Bu ifadelerde Papa Suikastının asıl sebeplerinin saklanmaya ve saptırılmaya çalışıldığı açıkça sırıtıyor. Hatta: MOSSAD'ın gizli tarihini yazan İngiliz gazeteci-yazar Gordon Thomas'a göre Ağca'nın dün elinde sallayarak gösterdiği fotoğrafın arka planında, MOSSAD'ın Papa'ya verdiği çok özel bir bilgi var; MOSSAD yetkilileri, suikastın ardından Papa ile yaptıkları görüşmede, O'na, Ağca'nın Tahran bağlantısından söz ettiler. MOSSAD'a göre Ağca, Türkiye'de işlediği İpekçi cinayetinin ardından hapisten kaçtıktan sonra, İran'a geçip çeşitli kamplarda eğitildi hatta İran'dan sonra da 1981 Şubat ayında Libya'ya geçip Trablus'ta eski bir CIA ajanı (Washington tarafından hainlikle suçlanıp işten atılan F. Terpil) ile buluştu. MOSSAD bu bilgiyi suikastın ardından Papa'ya iletti ve hücredeki o görüşmede (dün hapis çıkışı Ağca'nın fotoğrafını elinde salladığı o anın arka planında) Papa Ağca'ya Tahran ilişkisine dair kendine bu bilginin doğru olup olmadığını sordu. Ağca'nın cevabı ne oldu? Biz bilemiyoruz.

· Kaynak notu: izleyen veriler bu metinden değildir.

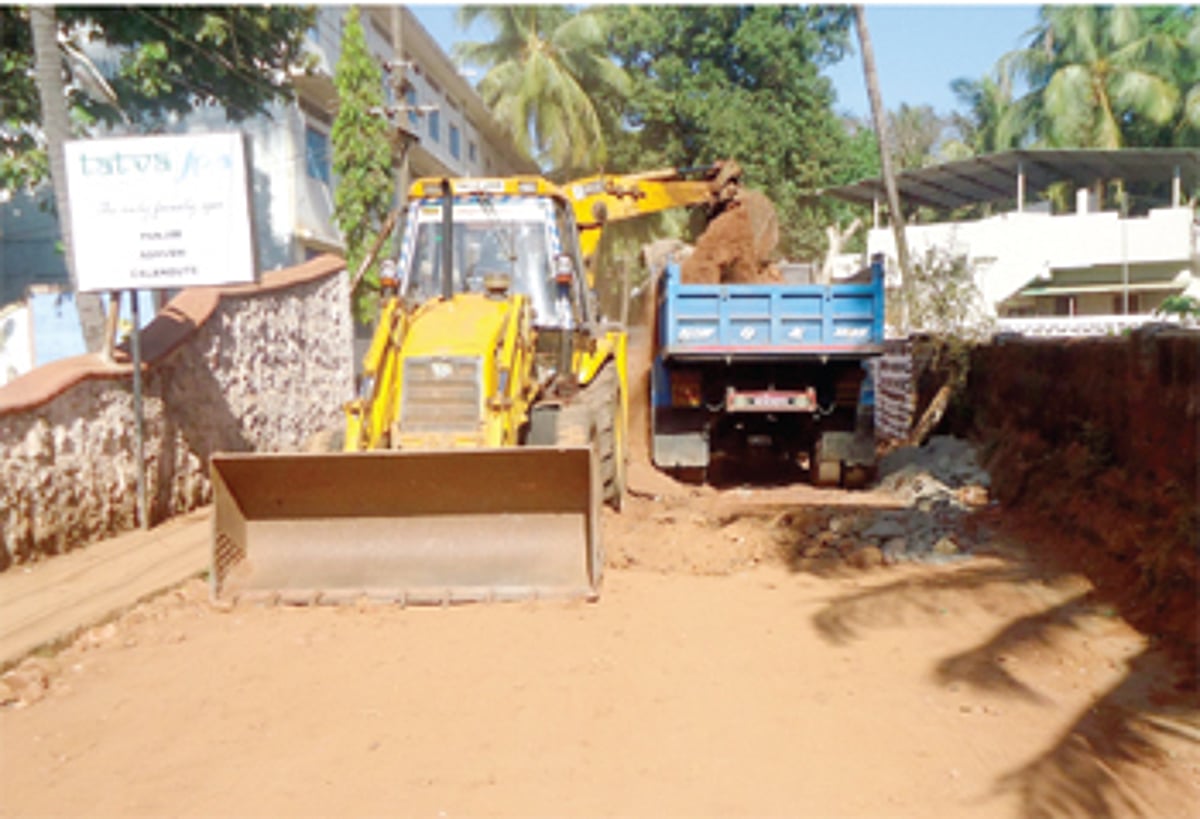 Dusty Christmas in Calangute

Ancak iddianın sahibi İngiliz gazeteci-yazar Gordon Thomas diyor ki: "Ağca o gün
Papa'ya MOSSAD'ın aktardığı bu bilgiyi yani kendisinin Tahran bağlantısını doğruladı. Öğrendiği bu gerçek Papa'nın İslamiyet'e ve o güne kadar uzak durduğu İsrail'e bakışını değiştirdi, (Vatikan o günden sonra İsrail ile yakınlaştı) ve Papa o görüşmeden sonra, dünyadaki gelmekte olan gerçek çatışmanın Doğu-Batı, ABD ile Rusya arasında değil, Radikal İslam'la Hıristiyanlık arasında olacağını giderek daha sık tekrarlamaya başladı. MOSSAD da kendi durumunu korumak için bir istihbarat örgütünü-öbürüne karşı kullanma sanatındaki eski ustalardan olduğunu çoktan göstermişti"

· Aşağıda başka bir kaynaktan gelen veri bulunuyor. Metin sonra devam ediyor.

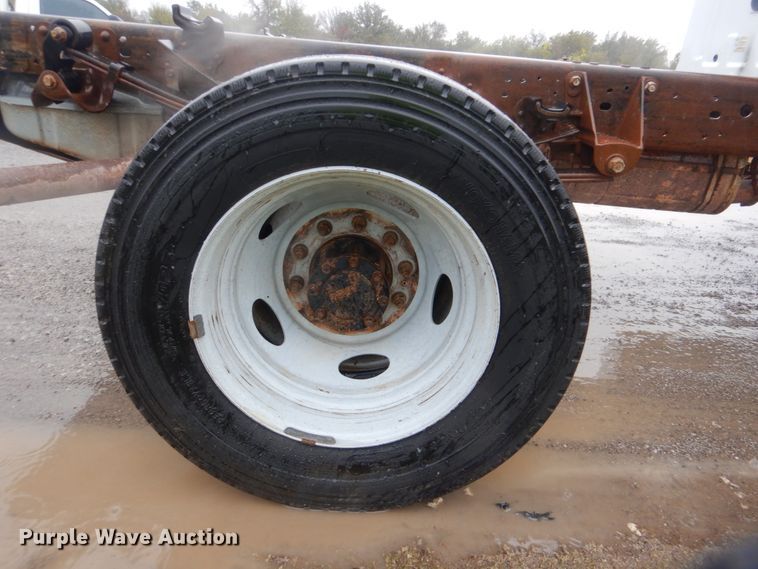 image for item FF9041 2007 Ford F450 Super Duty Crew Cab truck cab and chassis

Madem senaryo üretmekten kimse vergi almıyor ve madem artık pek çok ayrıntı böylesi kurgularda gizleniyor.
M. Ali Ağca olayına ışık tutacak bir roman girişi de biz sunalım:
Karaca'yı önce çok önemli bir Avrasya ülkesindeki yerli ve Kemalist bir organize kullandı... Ve kirli Siyonist şebekenin o ülkedeki kilit adamı bir Sabataist saf dışı bırakıldı.
MOSSAD ve CIA ve KGB şoktaydı. Siyonist gizli dünya cuntası yastaydı...
İlk şok dalgası atlatılınca bu yenilgi ve ezikliği telafi etmek üzere, sağcılara yakınlığıyla bilinen, Yahudi asıllı bir Özbek CIA Şefi, Karaca oğlanı kaçırtıp, Papa suikastında kullanılmasını sağladı. Çünkü sağcılar onu kendilerinden sanmaktaydı. MOSSAD ve CIA'nın amacı, Hıristiyan Dünyası ile Müslümanların arasını bozmak ve Siyonist hainlerle hesaplaşmaya başlayan Milli Cepheyi, Avrupa ile boğuşturmaktı.
Bu işte tetikçi olarak Karaca'yı kullanmaları da, bir nevi intikam almak maksadıylaydı ve tabi hedef saptırmaktı..."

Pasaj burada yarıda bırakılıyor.